My thoughts on copyright
Old Web
I obviously love old web revival, but one of the things about the revival that bother me is that people are treating images differently. Not illustrations, mind you, but graphics like buttons, stamps, or pixels. Graphics that are more or less made to be used on sites (with the exception of pixels, depending on context). As an artist, I understand why some people would want to source every image, but this is not how the old web worked. I think you should respect when people don't want their work to be reposted, but if someone requires credit, I just don't use it. It's clunky, and it's just not true to the old web spirit. This is why I tend to try to use images from the public domain.
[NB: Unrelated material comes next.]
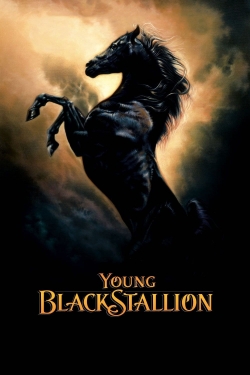 watch-Young Black Stallion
People who have the credit as a click-through link are at least making it less visually obtrusive, but I find it to be grating and, frankly, performative if it isn't explicitly required by the artist. A lot of stamps and blinkies rely on using other people's photographs and pixels anyway. I think artists should embrace it being copyright-free. We can only control so much - a scary thought, true, but it does good to acknowledge this truth, in some kind of Buddhist way. Obviously, I can't force anyone to not credit stamps or whatever, these are just my thoughts.
AI
As someone who is firmly anti-AI "art", I think the focus on copyright has done a lot of damage to the rhetoric. It's easier for proponents of AI to argue against than the cold, hard fact that it is taking away rights from laborers (artists, animators, etc.). I still think Ghibli should try to sue the IDF and American government for their AI shit, but that's more of an emotional response on my part.